[Task input Boundary: Start]

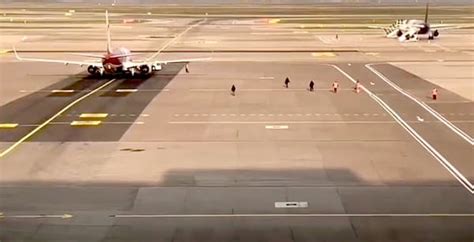 Blitz degli anarchici a Malpensa, quattro arresti .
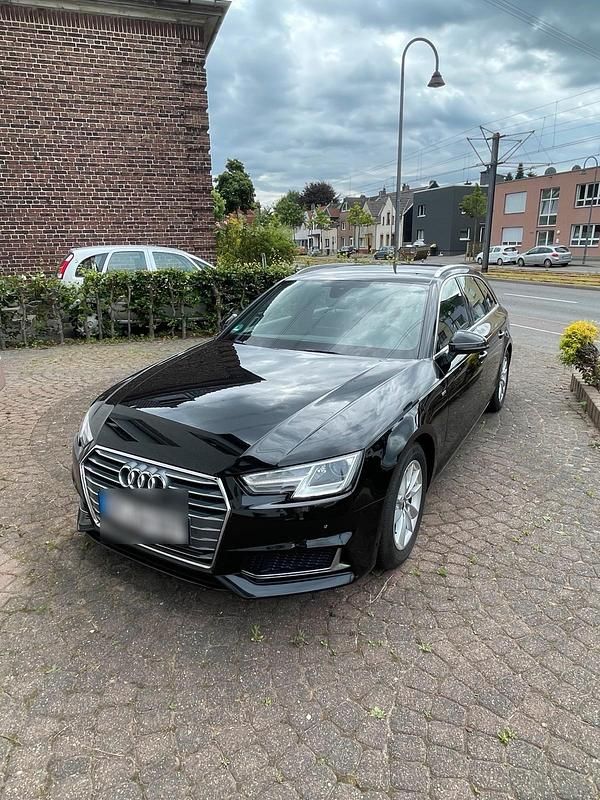 Gebraucht Audi A4 S-Line 190 PS (139 kW) 2019 Schwarz Kombi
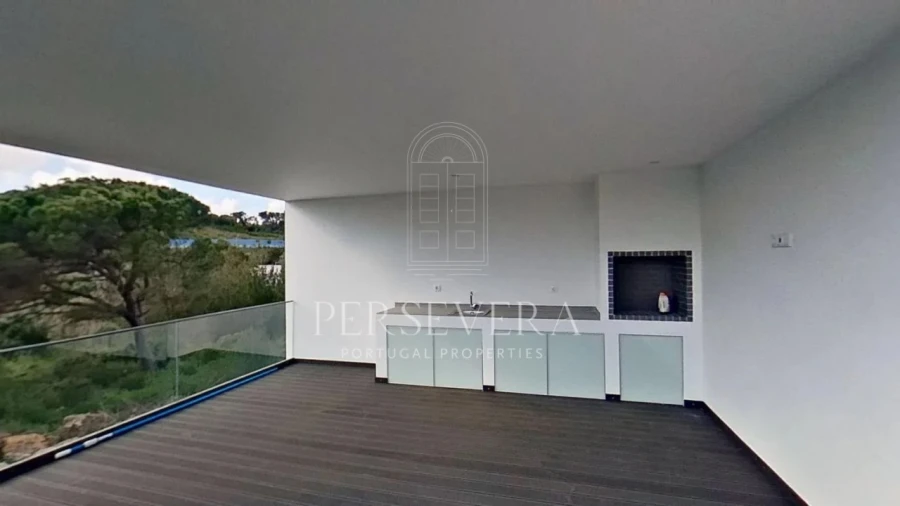 Moradia T5 para Venda em Alcabideche Foto 15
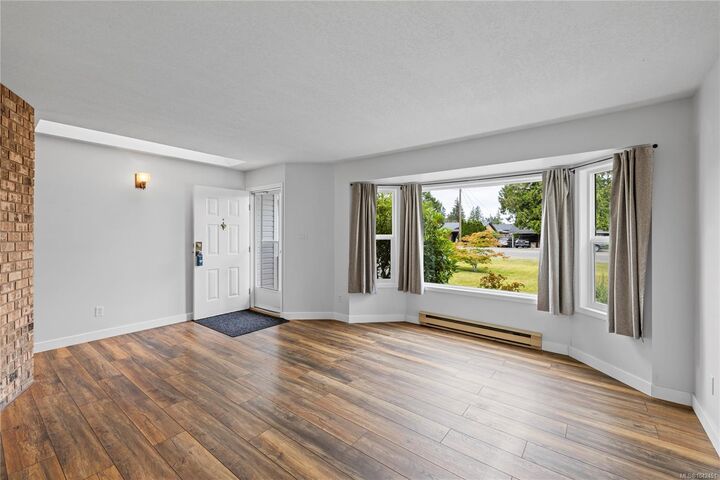 Property Photo: 574 Hirst Ave BC V9P 1H8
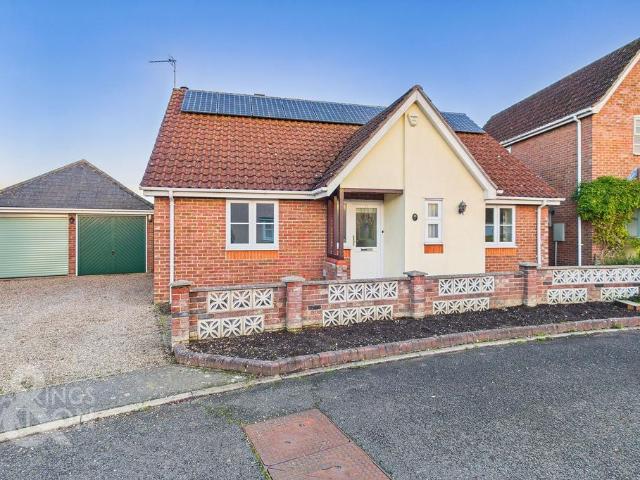 Bungalow for sale in Bedingfield, Suffolk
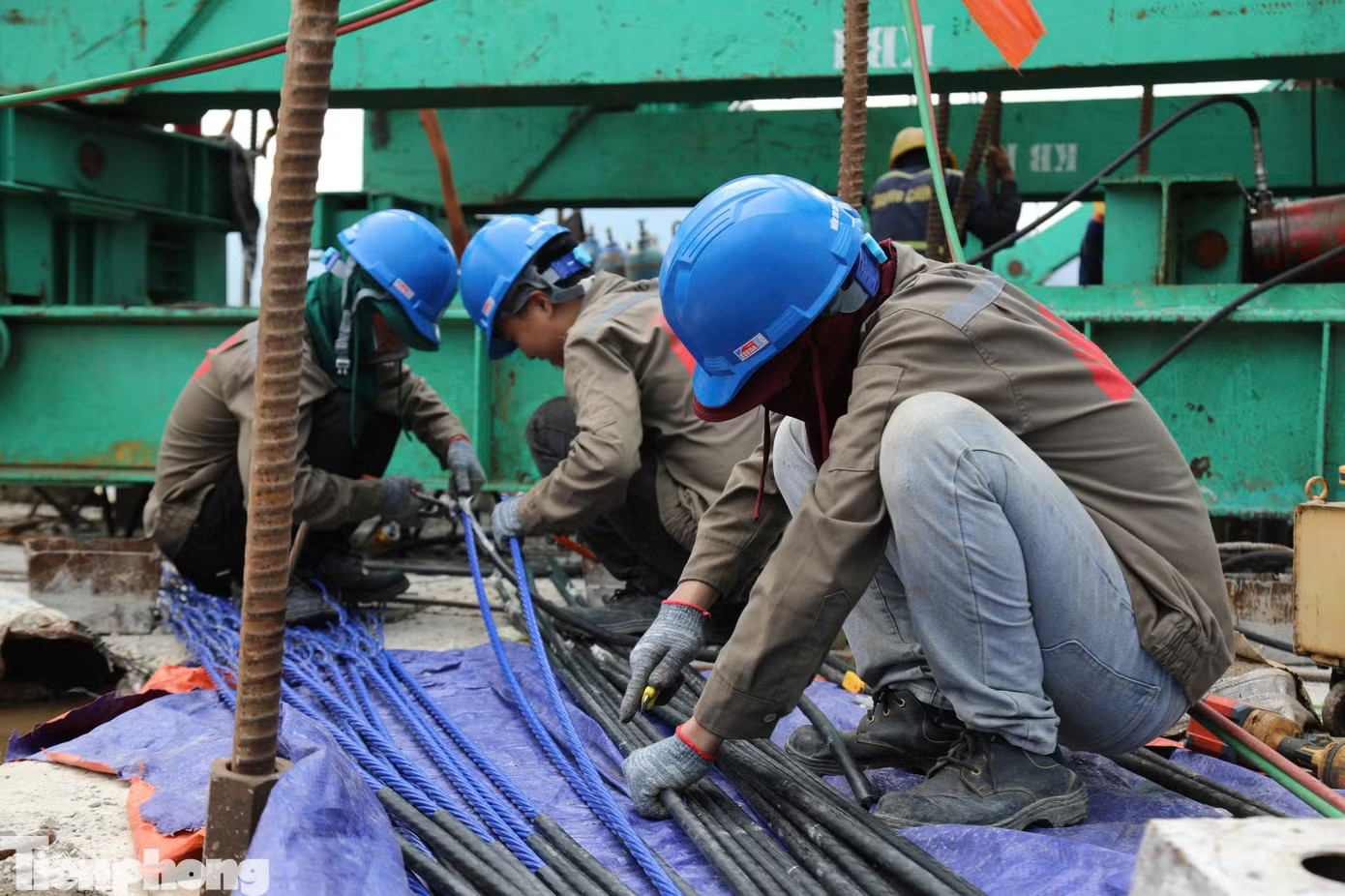 Cầu vượt sông Hồng nối Việt Nam - Trung Quốc tại Lào Cai dần hình thành - Ảnh 5.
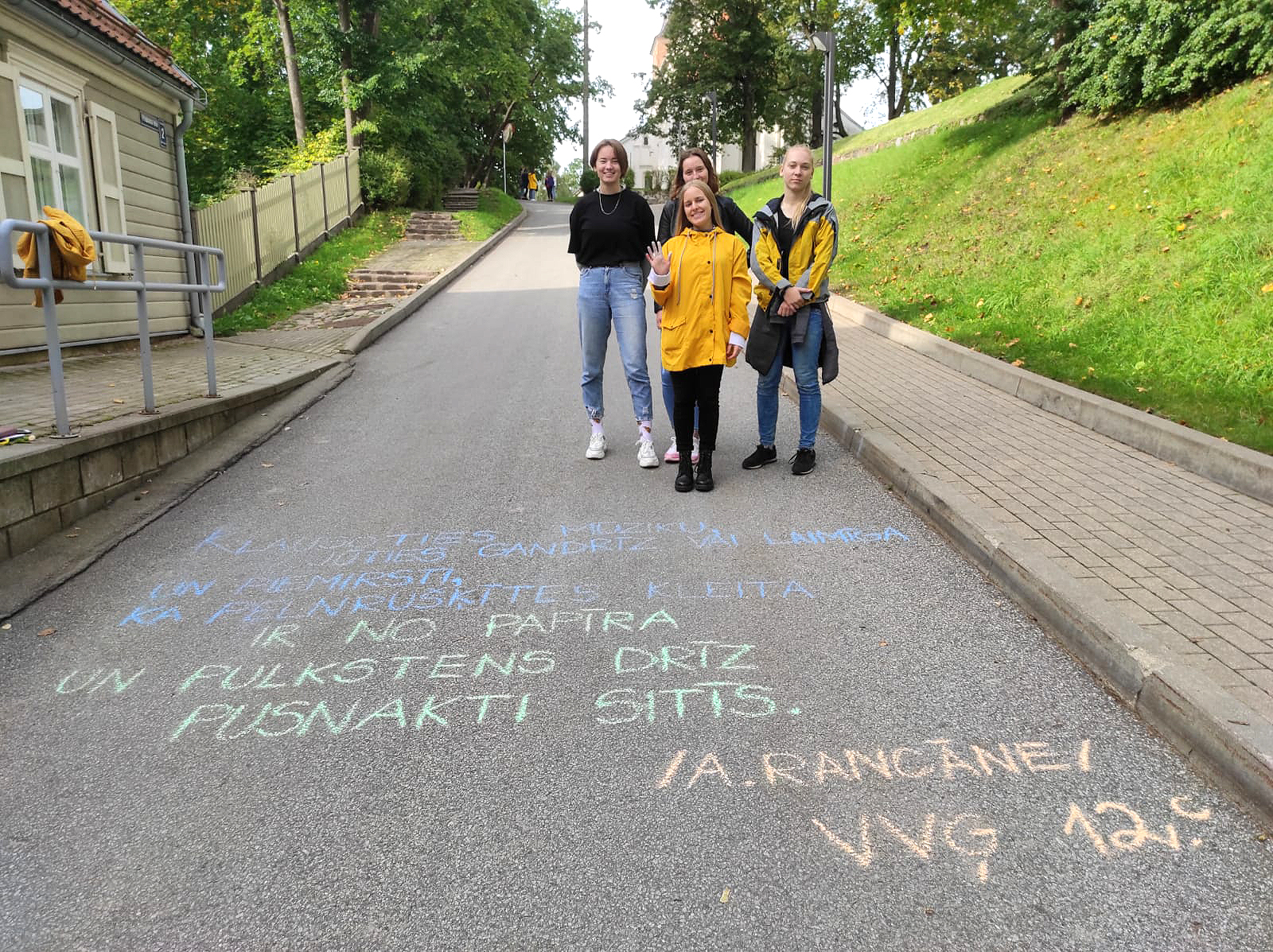 Padarīt dzeju populārāku tautā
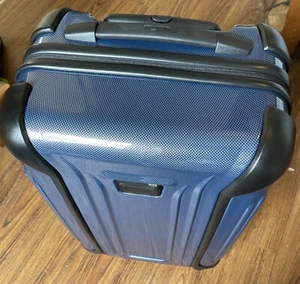 Tumi Vapor Lite lightweight International Carry On Luggage Sky Blue - Picture 1 of 3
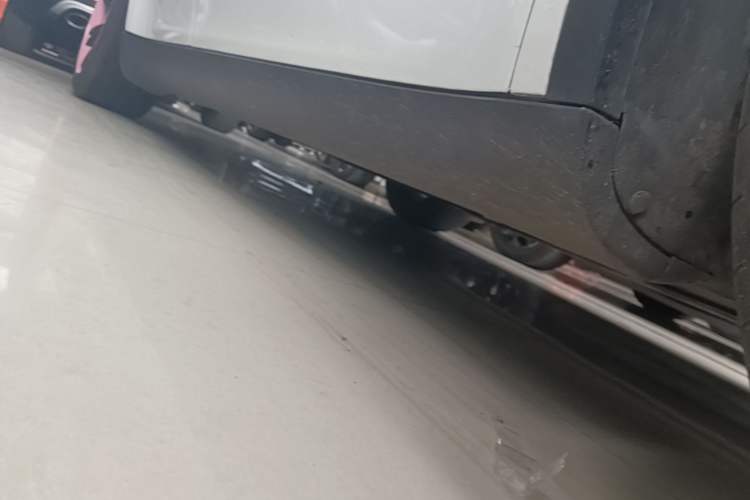 Used Tesla Model Y 2024 Rear-Wheel-Drive Version Right Side Sill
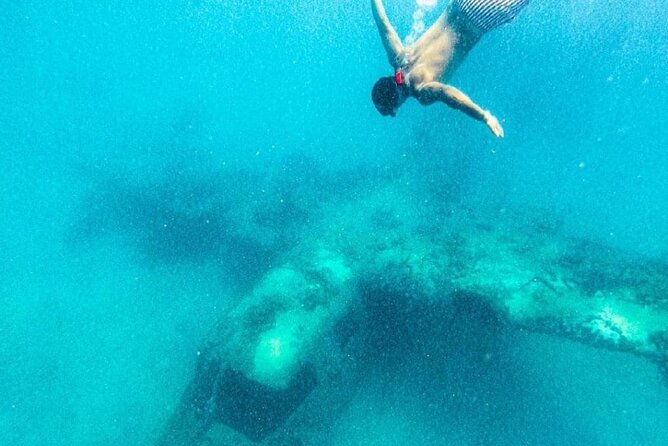 5 Islands Tour from Cartagena Including Snorkeling and Lunch - Stop 3: Cholon (party island) and Agua Azul’s swim breaks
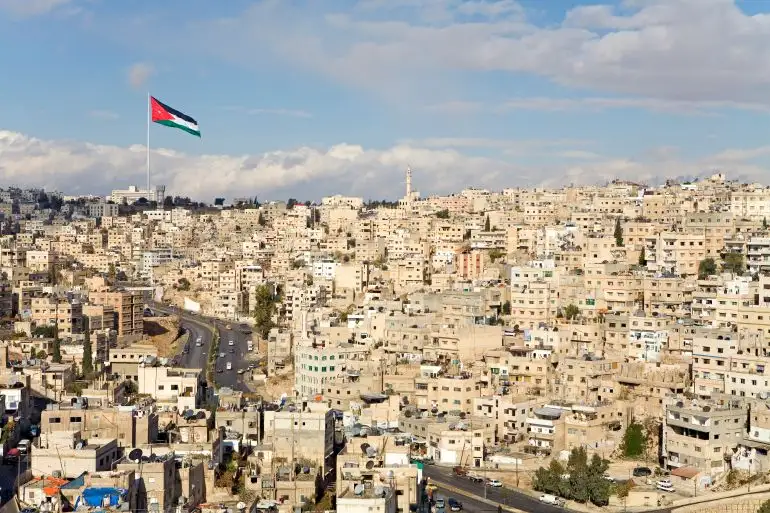 بنك الإسكان يجدد دعمه لمشاريع مؤسسة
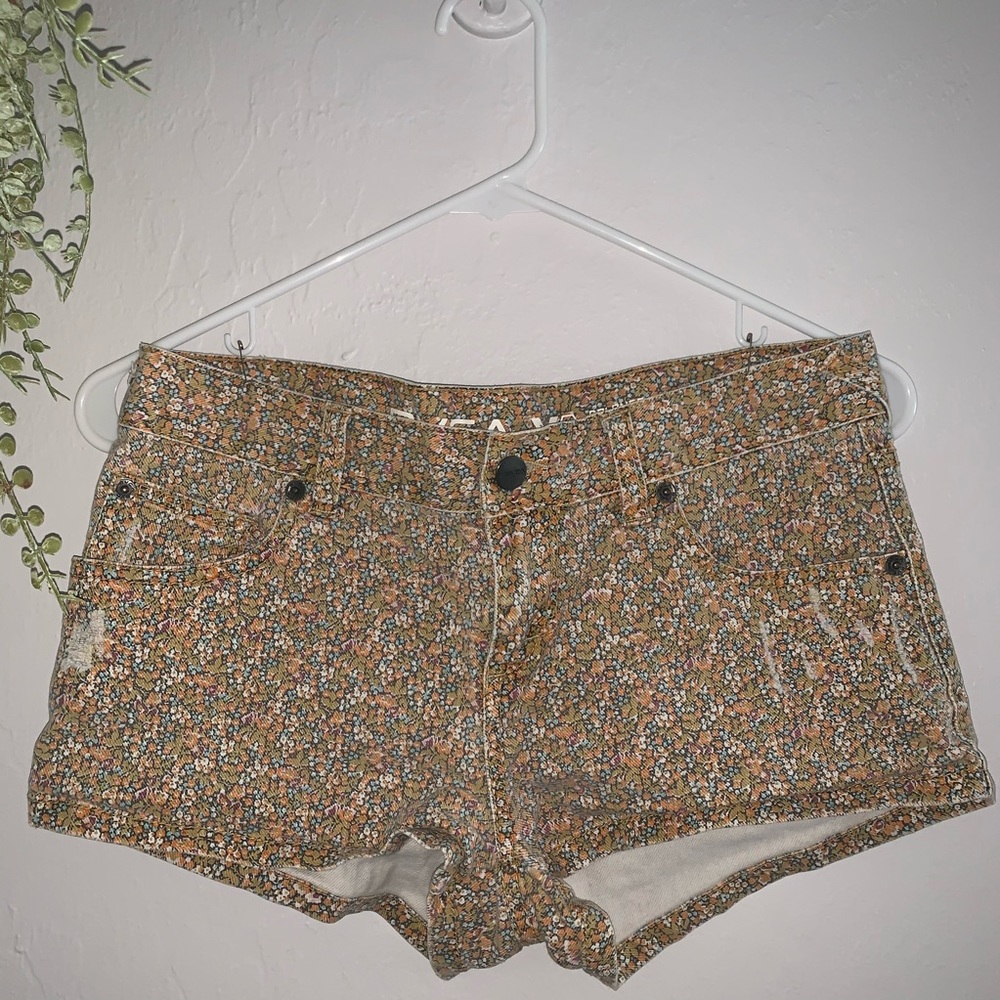 RVCA shorts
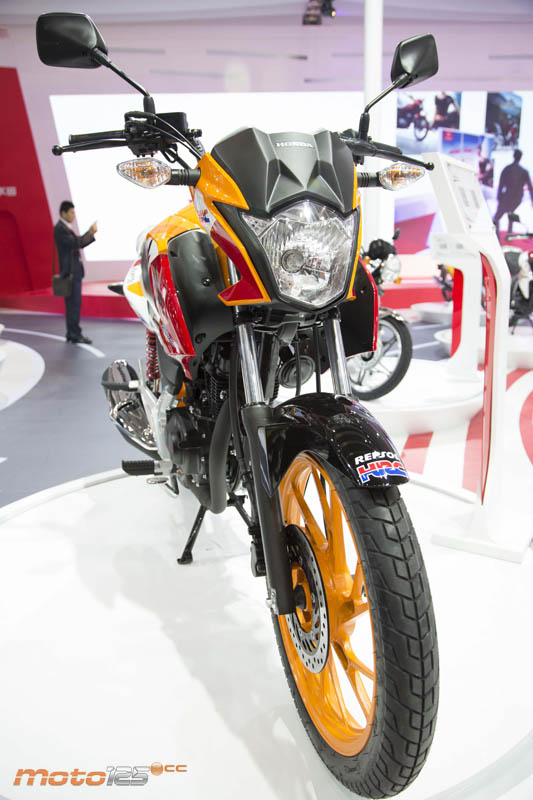 Novedades 2015 - CimaMotor - Honda Fortune Wing 125 (CB125F Repsol ...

[Task input Boundary: End]

* _Exercise_: Where a picture appears, omit it; otherwise reproduce each line above from the first to the one with "Tumi Vapor Lite", inclusive.

* _Solution for this task_:
 Blitz degli anarchici a Malpensa, quattro arresti .
 Gebraucht Audi A4 S-Line 190 PS (139 kW) 2019 Schwarz Kombi
 Moradia T5 para Venda em Alcabideche Foto 15
 Property Photo: 574 Hirst Ave BC V9P 1H8
 Bungalow for sale in Bedingfield, Suffolk
 Cầu vượt sông Hồng nối Việt Nam - Trung Quốc tại Lào Cai dần hình thành - Ảnh 5.
 Padarīt dzeju populārāku tautā
 Tumi Vapor Lite lightweight International Carry On Luggage Sky Blue - Picture 1 of 3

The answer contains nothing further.